The alternate, classic radiologic scheme was the standard at the introduction of the first high-performance phased-array devices in the early 1980s. Relatively few centers were able to support specialists with the requisite skills and knowledge base. Attention was given to systemic conditions and to more of the ideal in terms of sequencing exams needed for individualized patient care.

Fetal imaging was kind of a special case because radiologists had spent the past 50 years or so avoiding x-ray exposure for pregnant women; there hadn't been an educational need to explore fetal pathology to the same degree that a neuroradiology rotation would explore the brain and spine.

For a variety of reasons, many radiologic facilities in the 1980s took the easy route of adopting checklist ultrasound for obstetric cases. As a result, I suppose that subsequent educational generations of radiology residents -- deprived of fluoroscopy and its direct patient contact applications, having diminishing ultrasound case responsibilities, and overwhelmed by the rapid changes in CT and MRI -- tended to regard ultrasound as an imaging orphan not worthy of the more demanding causal unconscious pathology-based paradigm that remained the standard in other forms of imaging.

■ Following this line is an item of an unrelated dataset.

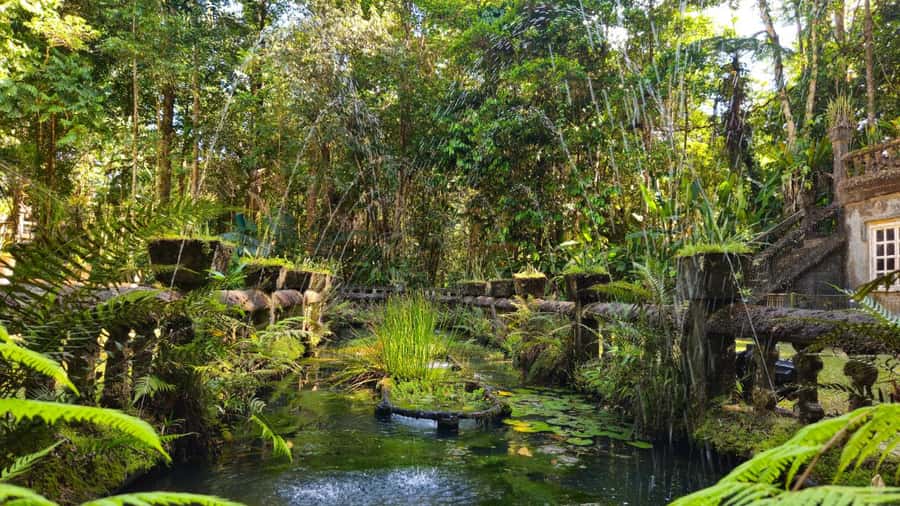 Cairns: Paronella, Lake Barrine & Millaa Millaa Falls Tour - The drive route through the Atherton Tablelands, and why the road matters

By this point, you may have come to the conclusion that this is just an old guy saying things were so much better in the past or bemoaning why ultrasound has never become part of mainstream radiology. Really, though, the old times weren't that great anyway. For ultrasound, you could never see as well as you needed to, the general credibility of the entire method was always suspect, and there was way too much controversy among its practitioners, all of whom would have gained from more collegial cooperation and sharing.

I think this look at how we approach images and imaging is important and timely because we are again on the brink of a major improvement in ultrasound imaging technology. We all need to start planning now about the kind of exam we should be doing next year, whether it be as a physical exam tool with an enhanced point-of-care device or with the highest performance "mainframe."

It's time to relearn what Ben Felson and every other chest radiologist of that era knew and did when Aunt Minnie came to visit. For me, I'd get right up, give her a big hug, and welcome her back home.

The comments and observations expressed herein do not necessarily reflect the opinions of AuntMinnie.com.